Memories about the Olympics that there won’t be

It would have been a great time, probably I would have gone to Tokyo, to the Olympics with the Chinese shooting team, after a year working with them since the 2019 World Championships. I would also have followed some Italian athletes. Like the athletes I was preparing for this unique event, the Olympics, which I have always participated in with federations or individual athletes since Atlanta 1996.

I still keep the T-shirts of each edition and the memories of the most important moments are very clear and vivid in my memory. For example, when the president of shooting told me: “Doctor, are you always so calm?” I said, “Mr. President, if you see me anxious, you’ll start to worry.” I had experiences that I would never have imagined, athletes men and women, who won a medal in the final, who two hours earlier were in panic, nausea, pure terror of not knowing what to do to win. I had to talk to them, certainly not giving them a pat on the back or telling them not to worry that they were strong.

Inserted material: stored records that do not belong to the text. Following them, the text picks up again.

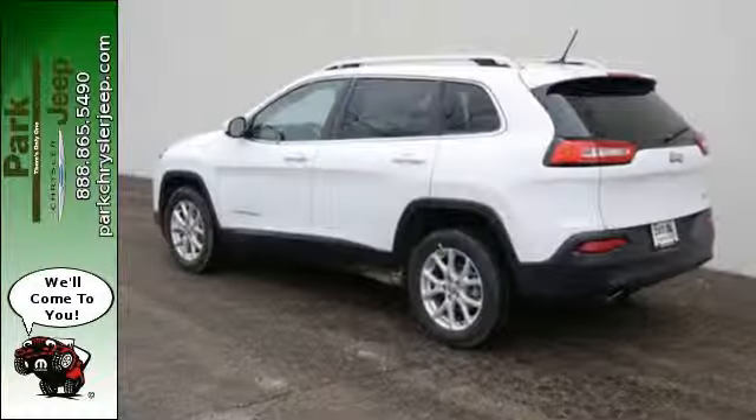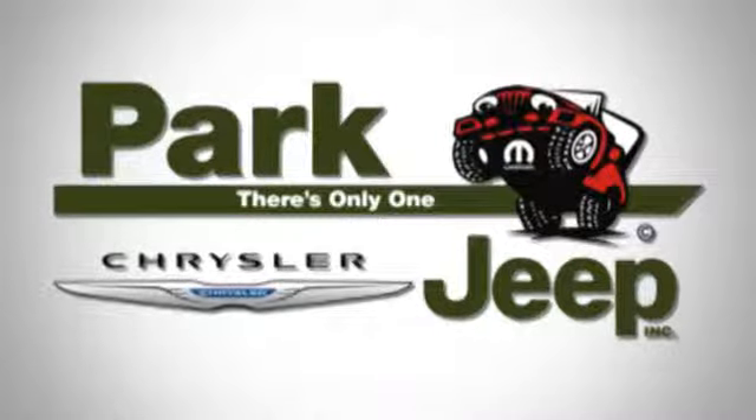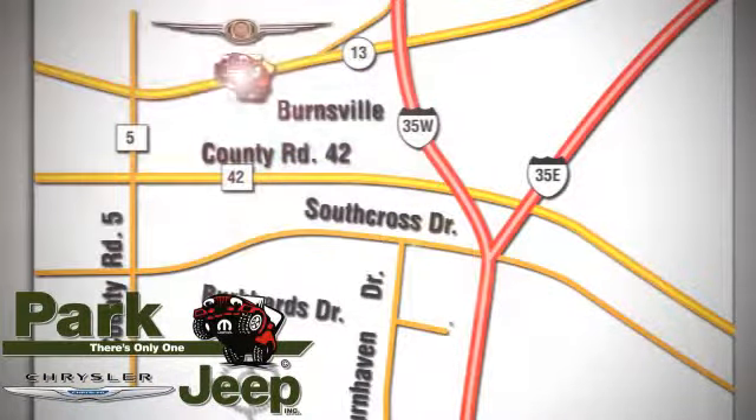Discover the Jeep life when you come check out this Cherokee today. Discover Park Chrysler Jeep today. We're conveniently located at 1408 West Highway 13 in Burnsville, Minnesota, just off 35W.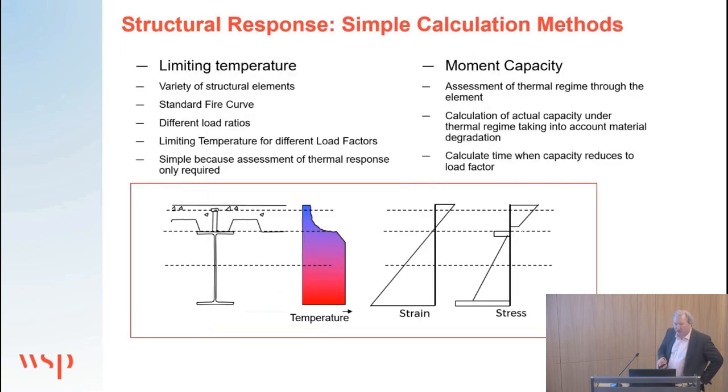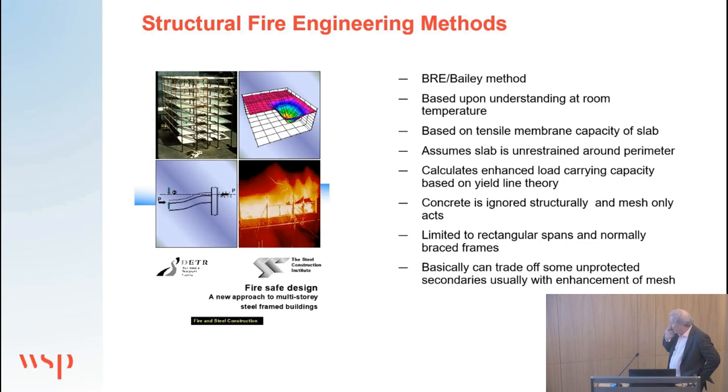Developing an optimised fire protection system means looking at how real fires and real structures behave and applying fire protection where it's required to meet the functional requirements of the building regulations. To unlock that potential for economy, you need to move towards finite element methods. The Bailey method is available for structures with rectangular spans in normally-braced frames — you can trade off some unprotected secondary beams by enhancing the mesh to utilise the tensile membrane capacity of the slab.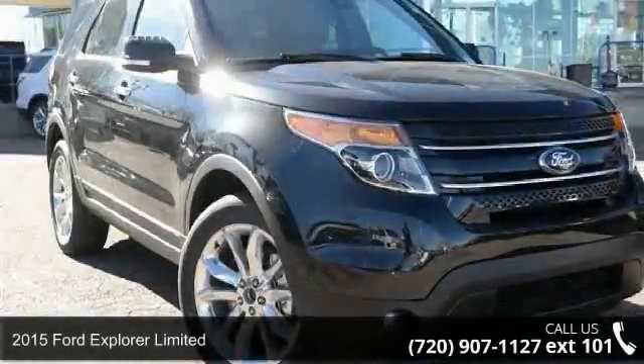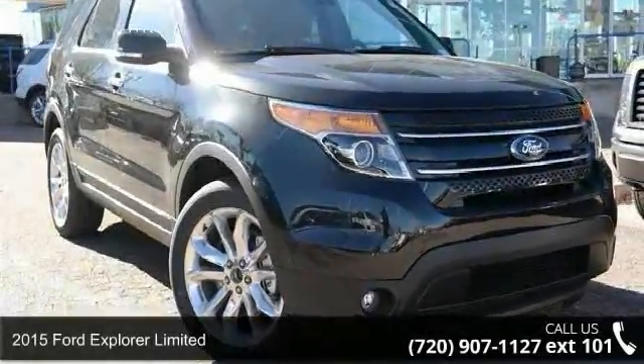Presenting the 2015 Ford Explorer Limited. This may be the set of wheels you've been looking for.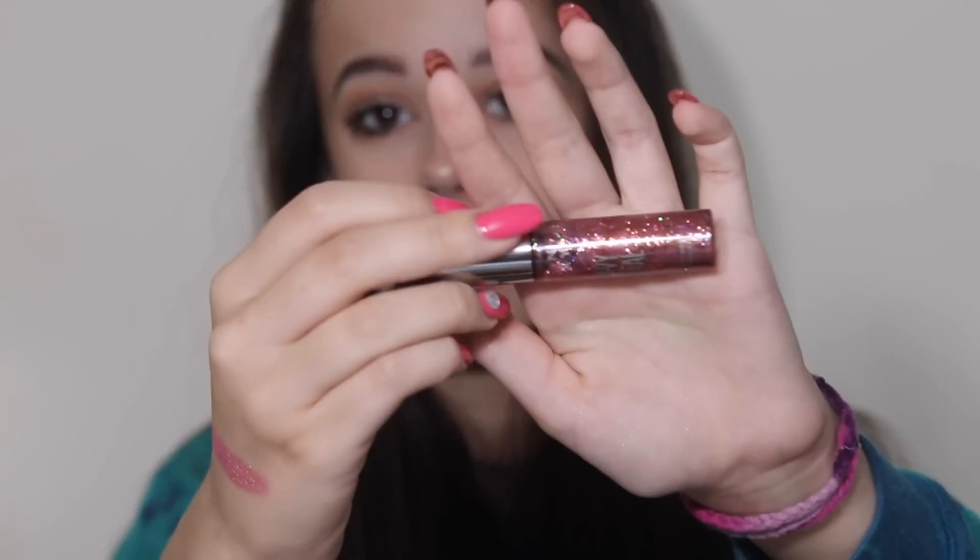I got the Urban Decay Heavy Metal Glitter Liner in the shade Junk Show. I don't have any pink glitters or glitter liners, so I decided to get this because I really like their gold one in Midnight Cowboy. And then I got the Essence Lash and Brow Gel Mascara. I use clear mascara for my eyebrows - I have the Maybelline Great Lash but this is way better. So if you're looking for a cruelty-free option that's cheaper and better, get the Essence one.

Almost always the coaches let me talk with them saying: “Alberto, you take care of it”. I lived those moments listening phrases like: “I’m so terrified that I seem calm”, “I’m not going out of here, “I’m going home”, “Tell me what to do”, “If I try to imagine what I’m going to do, I think all wrong”, “I’ve been through the final a thousand times and now I’m just nervous”.

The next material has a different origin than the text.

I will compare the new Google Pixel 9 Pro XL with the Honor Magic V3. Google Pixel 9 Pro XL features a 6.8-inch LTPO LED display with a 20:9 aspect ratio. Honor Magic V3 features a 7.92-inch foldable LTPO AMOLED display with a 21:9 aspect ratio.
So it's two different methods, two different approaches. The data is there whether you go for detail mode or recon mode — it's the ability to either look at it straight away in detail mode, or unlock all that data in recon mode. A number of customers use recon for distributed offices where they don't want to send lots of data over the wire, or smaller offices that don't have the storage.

The first time, in Atlanta, I wasn’t ready to face a situation like this. I had thought about what unexpected events might happen but I hadn’t anticipated the panic in a finalist’s mind less than one hour from the start. Luciano Giovannetti, the team’s head coach, winner in the past of two gold medals in Moscow and Los Angeles, told me: “You’re the psychologist, you talk to him”. I went to where the shooter was eating something and he told me he didn’t want to leave the tent for the final, total panic. At that point he was really close to the start of the competition and I began to talk reminding him of all the sacrifices he had made in those years to arrive prepared for this moment, the decisive one. I spoke to him for a few minutes during which his mood changed, he found the vitality necessary for an Olympic final. When he started the final, he missed one of the first clay pigeons and he turned around looking back. Then he told us that he had said these words: “If you quit now, you’re an asshole, just concentrate!”. It worked, he won the silver medal.

From this experience I learned that it’s really true that the winners are the ones who go through this emotional hell and control it. Second lesson, the staff is also decisive for the winners, otherwise they run the risk of succumbing, just when they have to face the decisive moments of a race.

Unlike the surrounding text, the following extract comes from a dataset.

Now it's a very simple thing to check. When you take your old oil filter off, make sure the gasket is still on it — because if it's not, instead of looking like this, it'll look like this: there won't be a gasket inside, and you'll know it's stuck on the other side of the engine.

The Olympics are one of the three most important sporting events, along with the Football World Cup and the Tour de France. In Italy our top athletes, called “Probable Olympics” are about 800, of these about 300 participate in the Olympics, less than half are among the top 10 in the world of their sport and usually, Italy wins 25 medals, putting us among the 10 most winning nations. In essence, there are about twenty top athletes who have won medals at the Summer Olympic Games on a starting base of about 800. This data highlights the extreme difficulty of achieving such a success. It allows us to understand the immense joy of those who win a medal but also the immense disappointment of those who, despite their skills, have not succeeded. It is not rhetorical to say that the Olympics have an immense value for each of them and that more and better should be done to develop and safeguard the talent, the health and motivation of these people we call athletes.